CARL DEMAIO: I don't care whose initiative it's targeted at - it's wrong, it's deceptive, and the folks that have put this ad up should be held accountable.
ORR: Demaio also filed a complaint with the state's Fair Political Practices Commission. The complaint has since been dismissed. Demaio maintains labor unions are afraid his measure will pass if it does make it to the voters.
DEMAIO: And so what they're trying to do is scare Californians and San Diegans into not exercising their initiative rights under the Constitution.
ROGER SALAZAR: The complaint is frivolous and we feel that it's without merit and it will be dismissed.
ORR: Roger Salazar is spokesman for Californians Against Identity Theft. He says people who sign petitions should be cautious.
SALAZAR: I think we have every right to broadcast our views about the sordid history and the potential future abuses that are inherent in California signature gathering process.
ORR: Vladimir Kogan studies voter trends at the University of California San Diego. He says the chances of your identity being stolen based on signing a petition are slim. He says a lot of the information signers give is already public record.
VLADIMIR KOGAN: So for example, in my computer I have a data set of all voters in San Bernardino County. I not only have their addresses and birthdates, I know if they have a cat or a dog. I know what language they speak at home. I know how many kids they have. I know how old their kids are.
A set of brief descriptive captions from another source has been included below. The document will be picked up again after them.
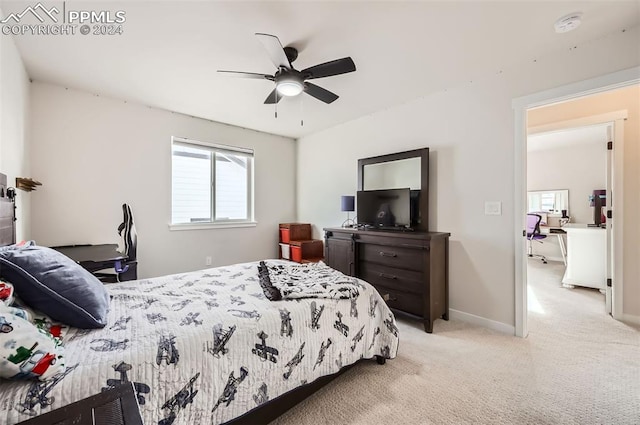 bedroom with ceiling fan and light carpet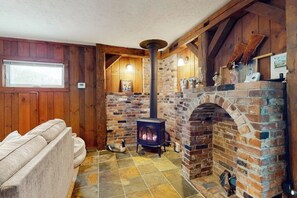 A cozy room with a brick fireplace, a sofa, and a window. - Inviting riverfront home with hot tub on deck & fireplace, near skiing & golf (Montgomery)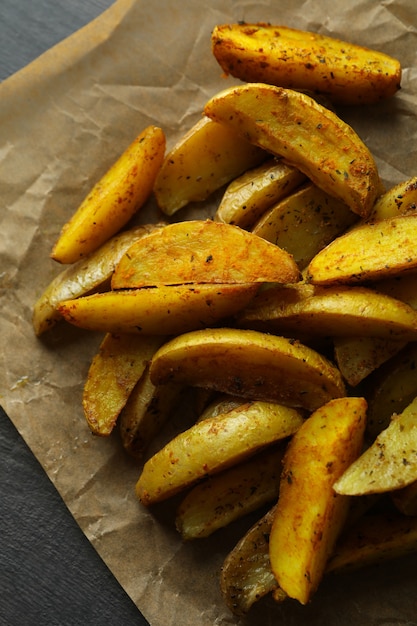 Carta da forno con spicchi di patate su texture scura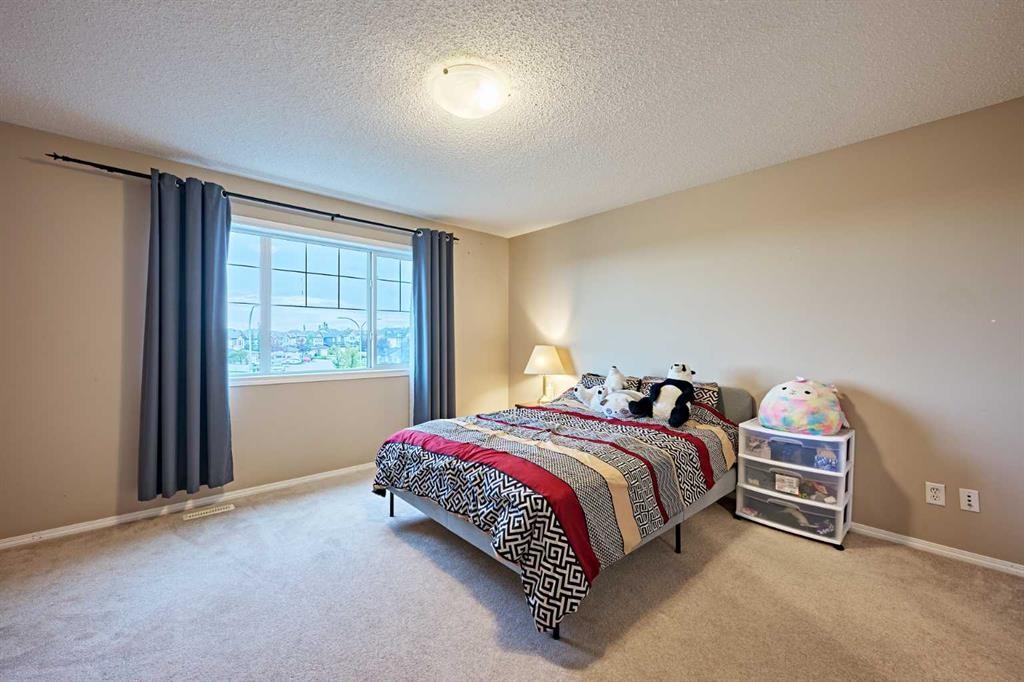 789 Panatella Boulevard Nw, Calgary, AB - Indoor Photo Showing Bedroom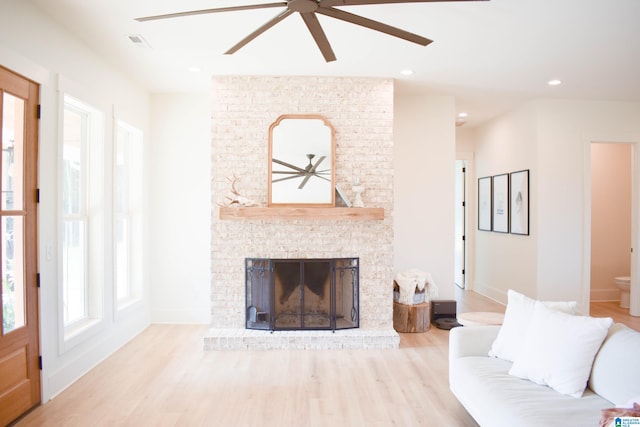 living room featuring a brick fireplace, ceiling fan, and light wood-type flooring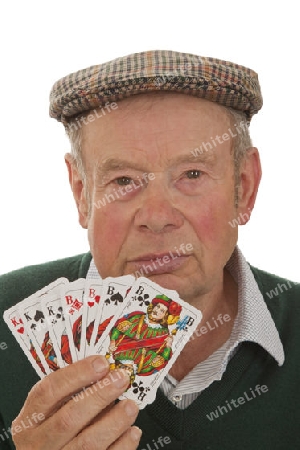 Senior mit Spielkarten auf hellem Hintergrund
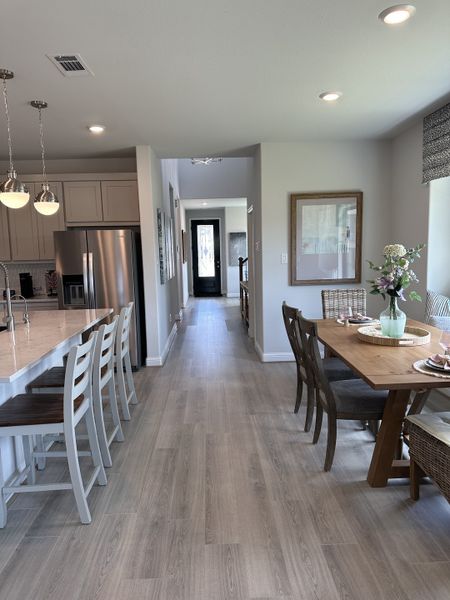 A modern kitchen-dining area with sleek appliances, wood flooring, and contemporary lighting. A modern kitchen-dining area with sleek appliances, wood flooring, and contemporary lighting.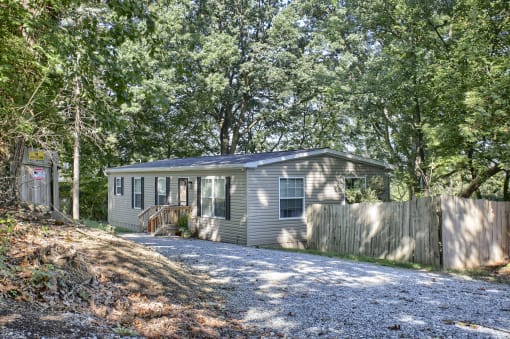 a cottage in the woods with a gravel driveway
ORR: But Kogan says it wouldn't be a bad thing if the ad gets people to think more critically about what they're signing. Still, he says California's initiative process has strayed far from its origins.
KOGAN: If you went back a hundred years and you asked the framers of the California Constitution and the framers of the initiative process what they envisioned, they would not envision paid signature collectors sitting outside of Wal-Mart.